I’ve been thinking, prompted by the paper I gave at the Oxford Plutarch conference, about Plutarch Non posse 1092Dff. (chapter 9). Plutarch says that the Epicureans fail to include in their account of the good life a whole range of things which are pleasant, and properly pleasant to humans. For the most part, it seems to me that much of Plutarch’s case so far has drawn for its inspiration from Plato’s account of pleasure in Republic 9. But when Plutarch comes to offer his preferred characterisation of the pleasures appropriate to a rational human soul, he seems prepared to soften the restrictive account found in Republic 9. There, it is quite clear that Socrates wants true and pure pleasures, strictly understood, to be focussed only on objects which always are and are always unchanging. Most obviously, this is a reference to the Forms – the objects of knowledge of the true philosopher ruler – but perhaps a case might also be made for pure pleasures of this kind being generated by contemplation of mathematical objects of some sort. Plutarch, however, describes a significantly more expansive notion, including among his list of appropriate sources of pleasure not only mathematics (1093Dff.) but also the study of literature, history and the like. For Plutarch, we take pleasure in learning the truth even if these are truths related to contingent facts, in other words: what might be otherwise (1093A–C). All these, we are asked to agree, are rejected by the Epicureans as part of a blanket rejection of cultural and intellectual pursuits in favour of a concentration on the most basic physical needs.

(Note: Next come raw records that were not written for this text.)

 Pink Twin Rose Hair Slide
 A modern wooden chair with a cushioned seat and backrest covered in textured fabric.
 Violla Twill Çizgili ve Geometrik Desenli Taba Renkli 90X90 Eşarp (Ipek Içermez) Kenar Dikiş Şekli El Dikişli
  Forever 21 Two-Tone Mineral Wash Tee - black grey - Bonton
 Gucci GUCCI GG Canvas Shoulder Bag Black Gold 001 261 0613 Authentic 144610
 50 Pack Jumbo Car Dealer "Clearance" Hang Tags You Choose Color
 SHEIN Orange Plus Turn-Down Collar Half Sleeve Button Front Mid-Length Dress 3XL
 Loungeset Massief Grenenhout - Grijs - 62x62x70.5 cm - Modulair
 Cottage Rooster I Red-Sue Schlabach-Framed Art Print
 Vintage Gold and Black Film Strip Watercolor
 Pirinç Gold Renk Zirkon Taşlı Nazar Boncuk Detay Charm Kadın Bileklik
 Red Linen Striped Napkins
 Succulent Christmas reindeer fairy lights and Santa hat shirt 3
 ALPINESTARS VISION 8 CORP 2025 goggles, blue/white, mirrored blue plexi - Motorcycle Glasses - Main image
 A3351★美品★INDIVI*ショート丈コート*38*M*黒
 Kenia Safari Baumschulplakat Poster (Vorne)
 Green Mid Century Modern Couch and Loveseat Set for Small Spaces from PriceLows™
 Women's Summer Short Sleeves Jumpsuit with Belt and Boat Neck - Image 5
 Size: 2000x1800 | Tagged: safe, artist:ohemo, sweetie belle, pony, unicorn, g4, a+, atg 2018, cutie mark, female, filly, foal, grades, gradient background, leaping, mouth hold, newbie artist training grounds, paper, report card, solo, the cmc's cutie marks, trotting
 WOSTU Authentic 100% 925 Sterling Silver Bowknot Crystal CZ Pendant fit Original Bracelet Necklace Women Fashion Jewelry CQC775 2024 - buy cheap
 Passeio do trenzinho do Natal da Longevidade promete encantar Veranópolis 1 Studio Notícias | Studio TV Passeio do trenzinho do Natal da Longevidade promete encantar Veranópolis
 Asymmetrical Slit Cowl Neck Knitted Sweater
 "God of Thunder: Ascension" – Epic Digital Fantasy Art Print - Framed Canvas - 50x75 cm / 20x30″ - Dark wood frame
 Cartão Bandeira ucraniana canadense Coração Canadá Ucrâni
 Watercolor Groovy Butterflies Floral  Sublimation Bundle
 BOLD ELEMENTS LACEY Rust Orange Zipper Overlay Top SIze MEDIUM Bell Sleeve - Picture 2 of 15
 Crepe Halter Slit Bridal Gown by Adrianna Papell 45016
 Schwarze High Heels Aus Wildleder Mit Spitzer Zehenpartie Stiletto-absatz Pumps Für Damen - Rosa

This brings me to what is troubling me right now. Does Plutarch include here pleasures not belonging to the rational soul, strictly speaking, or is the expansion in the scope of pleasures assigned to the rational soul is licensed by Plutarch’s acceptance of a dual nature of that aspect of human psychology? In other words, does Plutarch have a dual account of the rational soul? At the moment, I think he does. In Non posse, he gives a reasonably clear indication that he sees the working of the rational soul being turned to two separate but related functions. At 1092E he describes the types of pleasure which a human ought properly to pursue, neither of which is grasped by the appetitive and bestial soul emphasised by the Epicureans. Rather the pleasures which we ought to pursue come...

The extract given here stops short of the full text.